Conventional direct-lit backlights for large-size LCD-TV modules are composed of an array of fluorescent tubes in a light box. Using Cold Cathode Fluorescent Lamps (CCFLs), External Electrode Fluorescent Lamps (EEFLs) or Hot Cathode Fluorescent Lamps (HCFLs), backlights can be constructed with a typical external thickness of between 25 and 35 mm. For backlights based on hot cathode lamps with a relatively large diameter of approximately 16 mm, specific optical constructions are required to make thin backlights with a good uniformity. There is a drive to design and construct much thinner backlights than indicated above.

To this end, an illumination system as described in the opening paragraph is disclosed in European patent application EP 1 231 429, wherein a light source, such as an array of Light Emitting Diodes (LEDs), is positioned within each channel. In this manner, illumination systems, and hence LCD-displays, can be realized with a reduced thickness. However, the design of the light-guiding structure and the channels formed therein is determined by the dimensioning and geometry of the light sources available in the prior art, which significantly limits the freedom of design, in particular the freedom of designing the dimensioning and geometry of the light-guiding structure.

It is an object of the invention to provide an efficient illumination system with a relatively high degree of freedom of design.

This object can be achieved by providing an illumination system as described in the opening paragraph, which is characterized in that said light source is a discharge lamp having a discharge space that is at least partially limited by an upper surface and corresponding side surfaces of at least one channel. By using the channels as a discharge space for the discharge lamp, thereby integrating the discharge lamp as a light source with the light-guiding structure, a relatively high degree of freedom of designing the light-guiding structure can be obtained. Since the design, in particular the dimensioning and geometry, of the light-guiding structure is no longer determined by the dimensioning and geometry of conventional light sources, a relatively compact and thin (flat) illumination system can be obtained. Moreover, in this manner, the design of the illumination system according to the invention can be optimized for the specific application of the illumination system. By integrating the light source with the light-guiding structure, a relatively simple construction of the illumination system can be obtained, which can commonly be manufactured at relatively low cost. The discharge space is at least partially limited by the surfaces surrounding and defining the channel acting as discharge space. It may be clear that, in this functionality, the channel is filled with an ionizable substance and is sealed in a (substantially) medium-tight manner to prevent leakage of the ionizable substance from the channel.

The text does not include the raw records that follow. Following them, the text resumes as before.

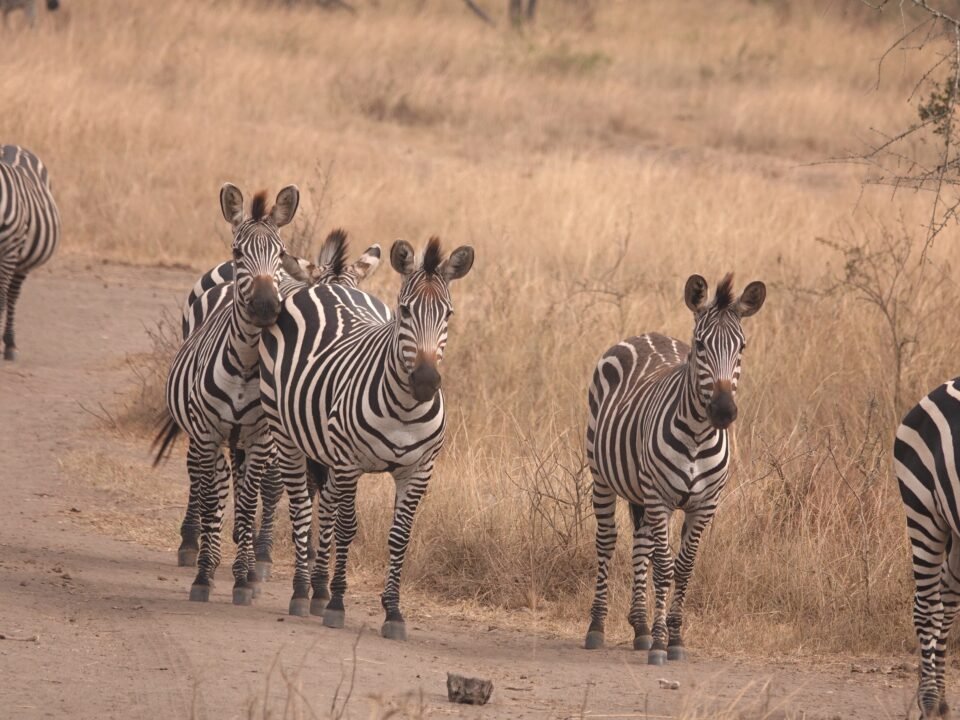 walking safari Lake Mburo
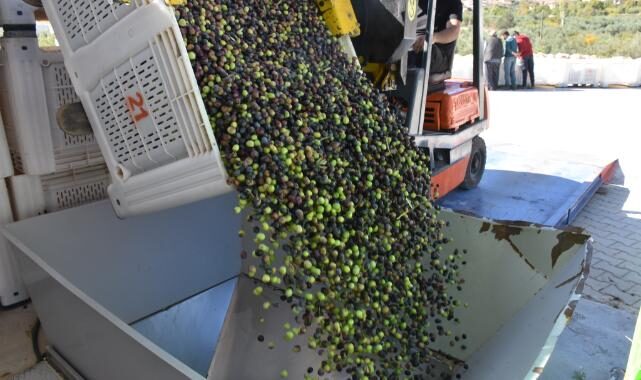 Fri 24 Oct 2025 123202 0300 file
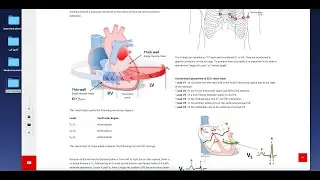 Introduction to ECG - part 1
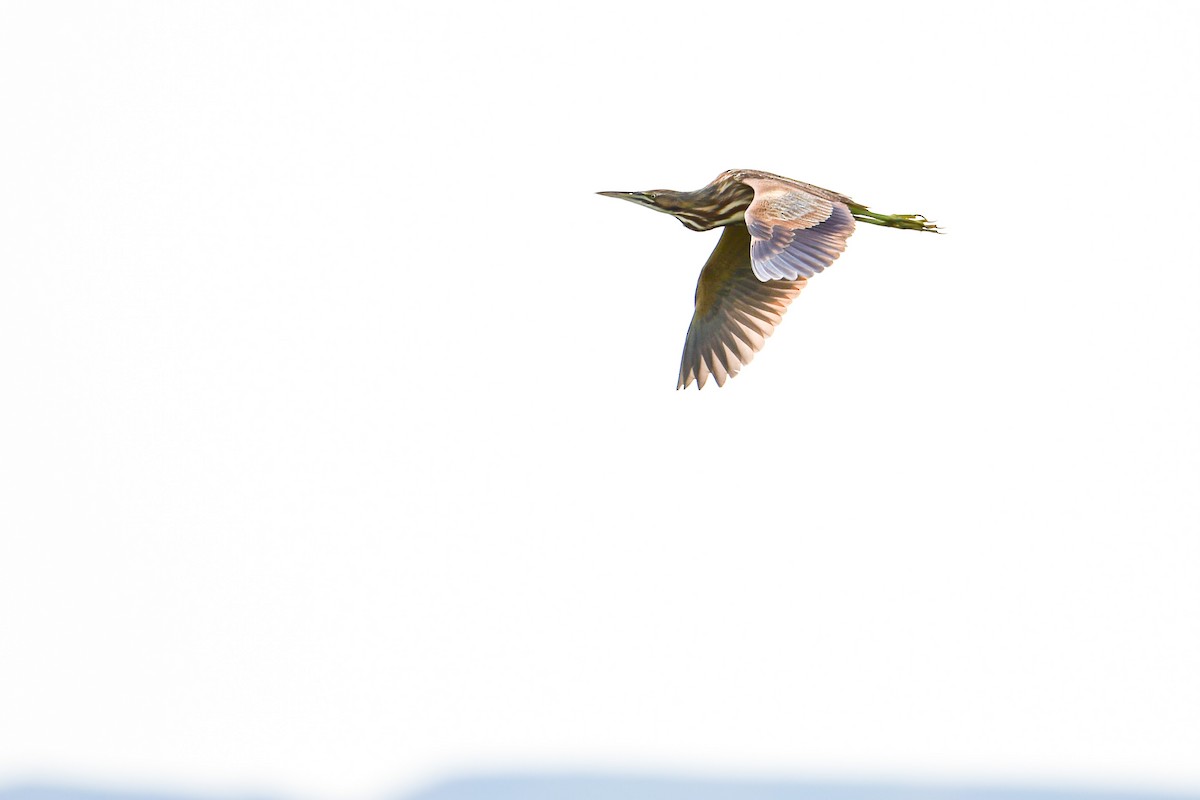 American Bittern - ML585097961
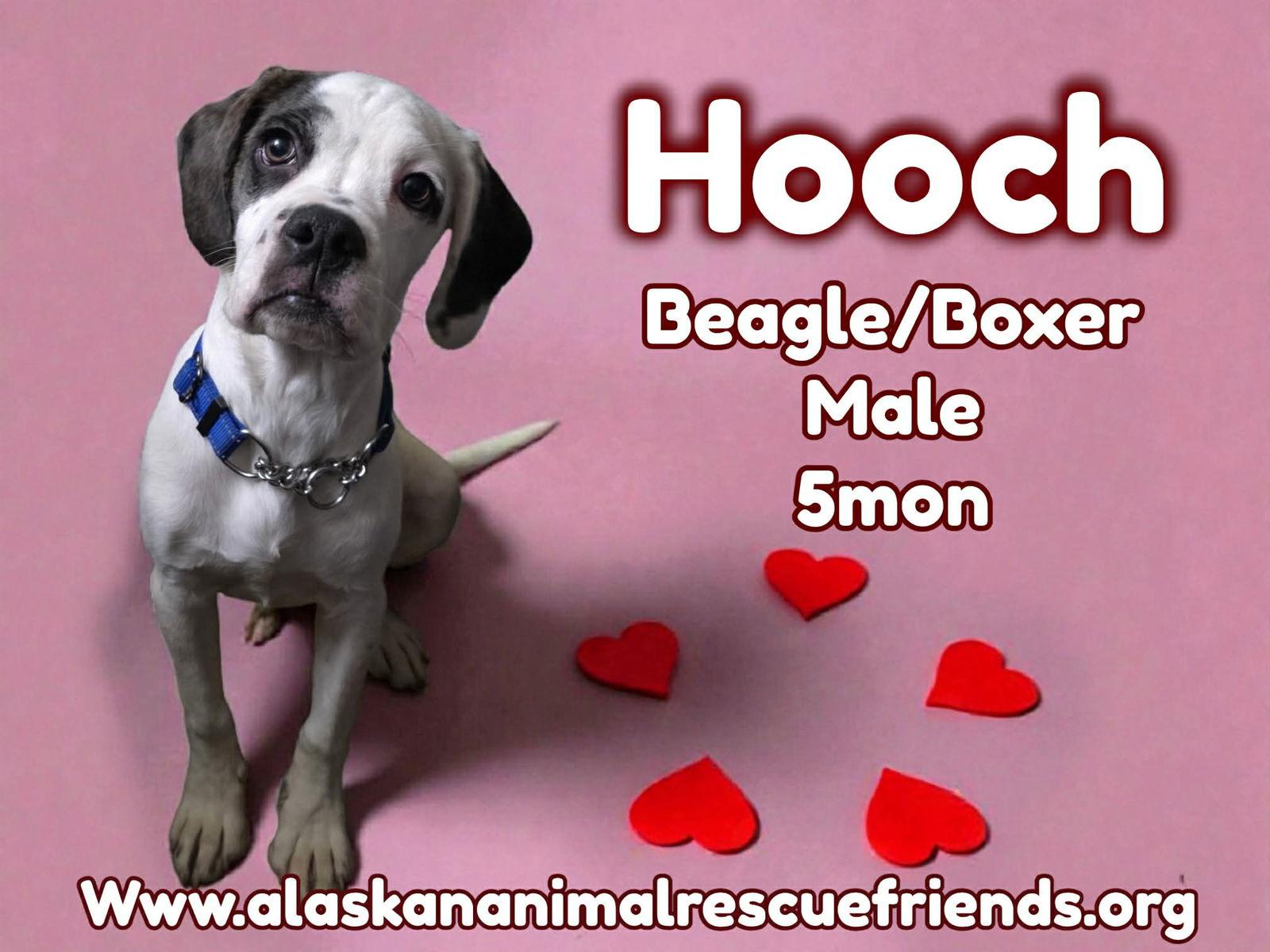 Hooch, a Adoptable mixed breed in Anchorage, AK image 2/2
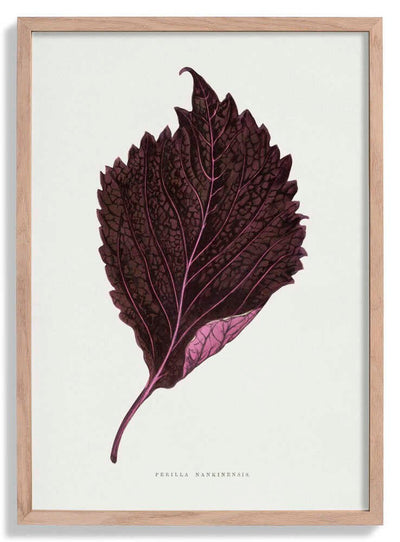 Pink Perilla Nankinensis Leaf Illustration door Les Plantes a Feuillage Colore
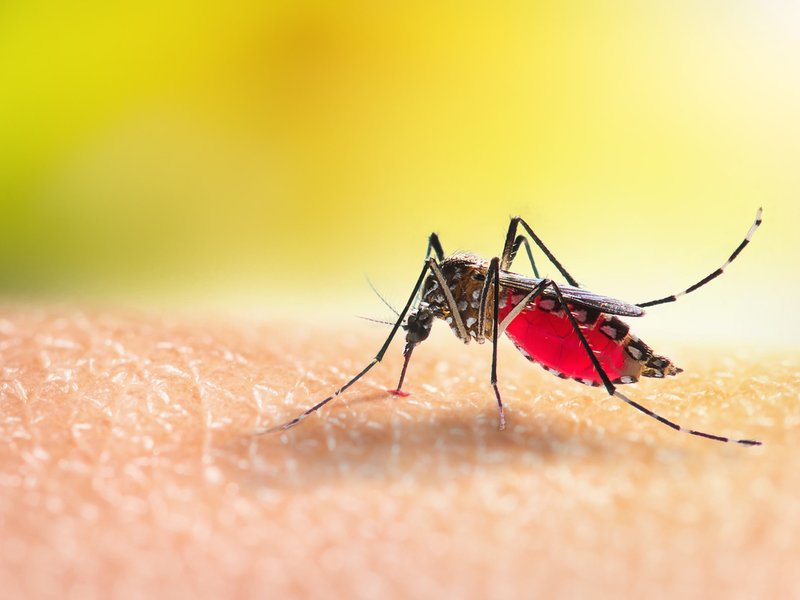 Mosquito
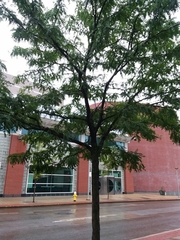 Gleditsia triacanthos inermis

The mutual orientation of the surfaces of the light-guiding structure is commonly found to be relatively critical if one wants to achieve a uniform and controlled emission of light from the light-guiding structure to e.g. an LCD display via a light-emitting surface of the light-guiding structure, said light-emitting surface being positioned opposite a surface in which the channels are formed. The side surfaces are preferably oriented substantially perpendicularly to the light-emitting surface, while the upper surface of each channel is preferably oriented substantially parallel to the light-emitting surface.

In a preferred embodiment, each channel is further defined by a lower surface provided with a reflective layer. In this manner, the lower surface can reflect light generated within said channel towards the light-emitting surface of the light-guiding structure. It is conceivable that the channels are formed as through-holes in said light-guiding structure, wherein each channel is fully surrounded by the light-guiding structure. However, the lower surface will commonly be part of a separate means. Furthermore, the illumination system preferably comprises a supporting structure coupled to said light-guiding structure for forming said lower surfaces. In this manner, it will be relatively easy to manufacture the illumination system, wherein the design of both side surfaces, the upper surface, and the lower surface can be optimized relatively easily before assembling the light-guiding structure and the supporting structure.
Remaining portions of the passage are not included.